Поезд мчался к славе
Сергей Эйзенштейн в Великих Луках
(Продолжение. Начало в № 167)
Сергей Михайлович много и хорошо рисовал. Заметит у кого-нибудь из нас проявление мещанских привычек - сразу берет тушь, и на клочке бумаги, на обрывке газеты готова карикатура».

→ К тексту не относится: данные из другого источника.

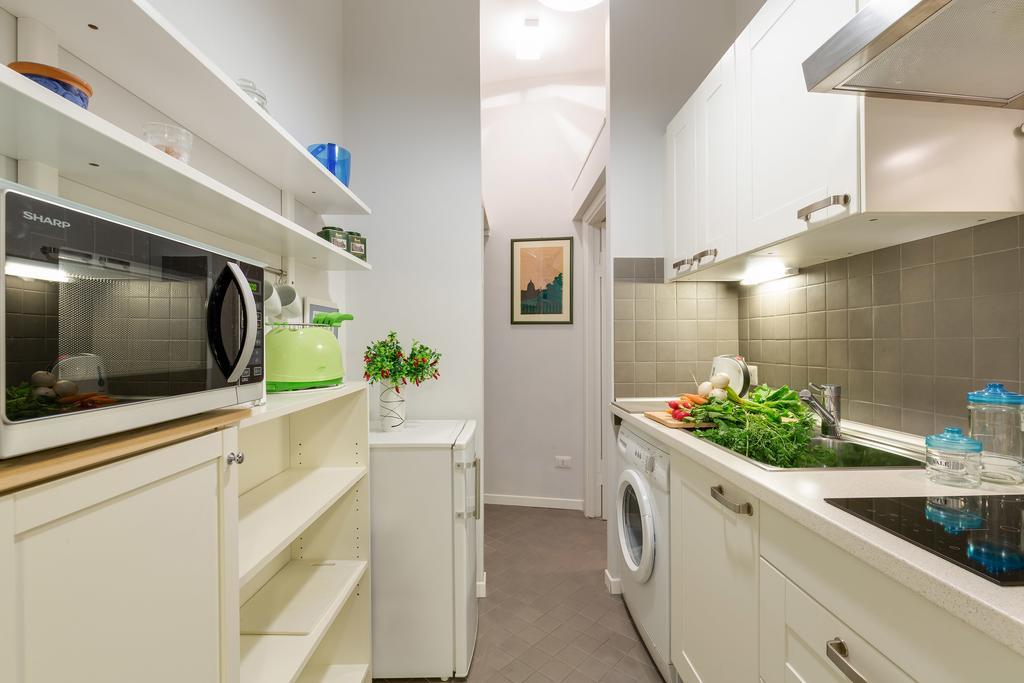 Apartment As Feel - Piazza Dei Satiri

Между прочим, о рисунках. Вот что пишет Константин Елисеев: «Первоначальная симпатия быстро перешла в доверчивую дружбу, и тогда он стал показывать мне свои рисунки, которых у него оказалось много, очень много. Я был очарован их мастерством, которое бросалось в глаза с первого взгляда, а их содержание, их сюжеты удивляли своим разнообразием и широтой наблюдений и мысли, - просто не верилось, что в этом юноше умещалось столько знаний, наблюдений и самых неожиданных выдумок и видений». И сейчас графика Эйзенштейна впечатляет, а его экспрессионистская манера исполнения рисунков заставляет поставить следующий вопрос: «Его тогдашнее творчество не могло ли оказать влияние на художников-великолучан, в частности на Всеволода Сулимо-Самуйло, тем паче, последний уже тогда пробовал себя в оформлении театральных спектаклей?»
- Это только гипотеза, - полагает заведующая фондами Великолукского краеведческого музея С. В. Иванова, - например, у нас никаких материалов, свидетельствующих о их контактах, не имеется...
Оговоримся, кстати, что тема «Эйзенштейн и Великие Луки», как, впрочем, и «Культура, творческая интеллигенция в Великих Луках в 1917-1921 годах» зияют пробелами и нуждаются в кропотливом и всестороннем изучении. Что мы знаем, к примеру, о людях, бывших с будущим кинорежиссером в городе на Ловати? Художниках К. Елисееве и Б. Рыбченкове, актере В. Лачинове, режиссере А. Строеве?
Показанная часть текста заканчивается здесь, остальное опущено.